**ABOUT THIS TASK**
Please give back the listing below word for word and drop any images.

------ COLLECTED MATERIAL

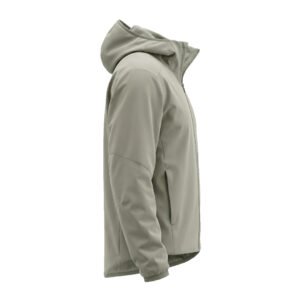 Alternative view of Chaqueta Cortaviento Winbreak Impermeable Apex Pro Beige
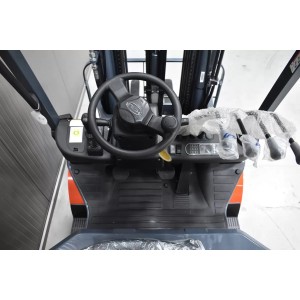 Heli CPCD 25-KU20H Stivuitor diesel 2.50T 4.70M 2024  C55552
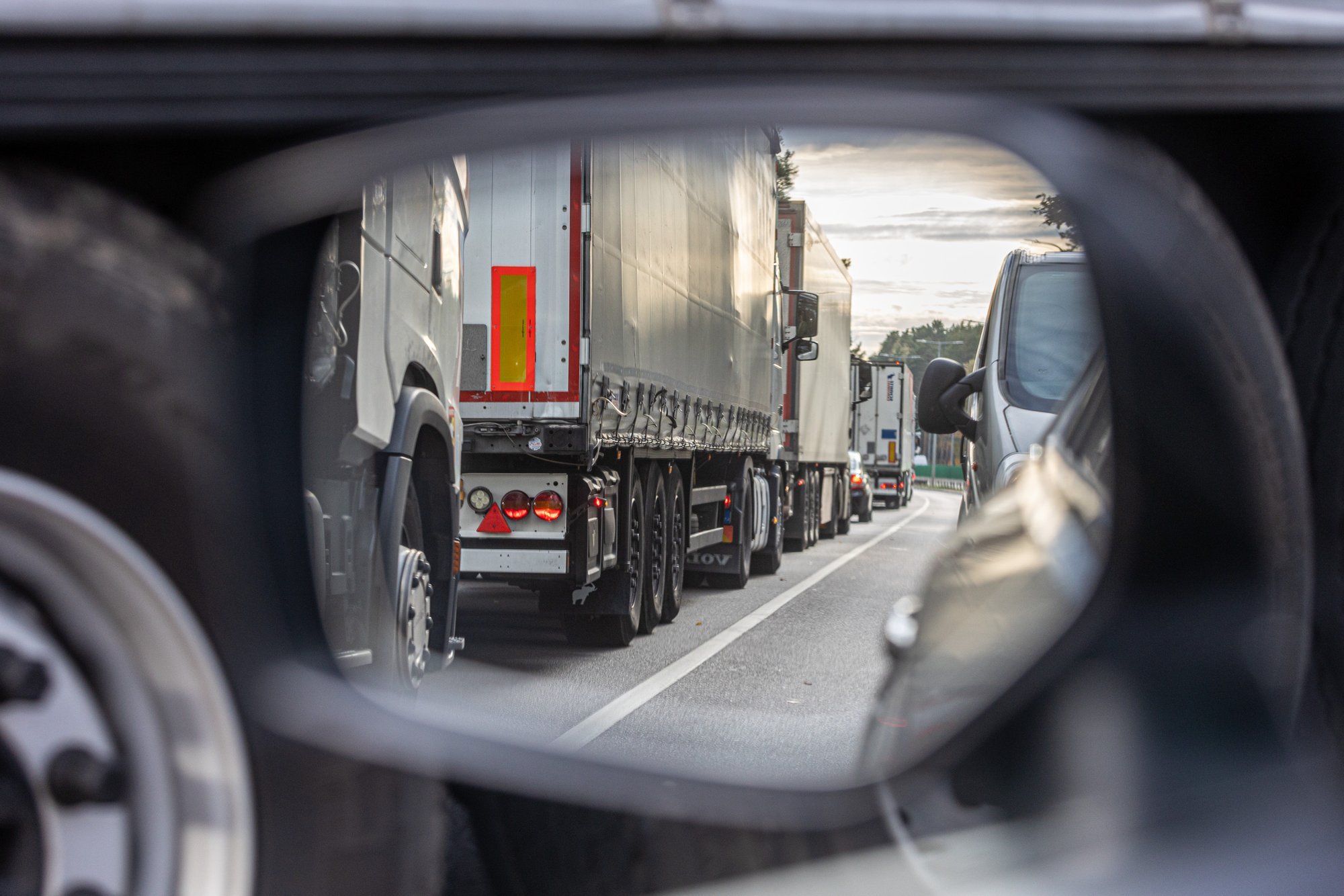 Lithuania: Few companies pay evaded road tax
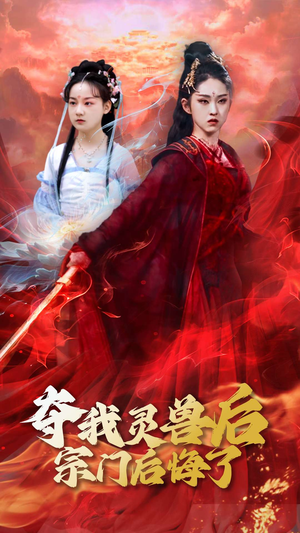 夺我灵兽后宗门后悔了（39集）看到大结局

------------

**WRITTEN SOLUTION**
 Alternative view of Chaqueta Cortaviento Winbreak Impermeable Apex Pro Beige
 Heli CPCD 25-KU20H Stivuitor diesel 2.50T 4.70M 2024  C55552
 Lithuania: Few companies pay evaded road tax
 夺我灵兽后宗门后悔了（39集）看到大结局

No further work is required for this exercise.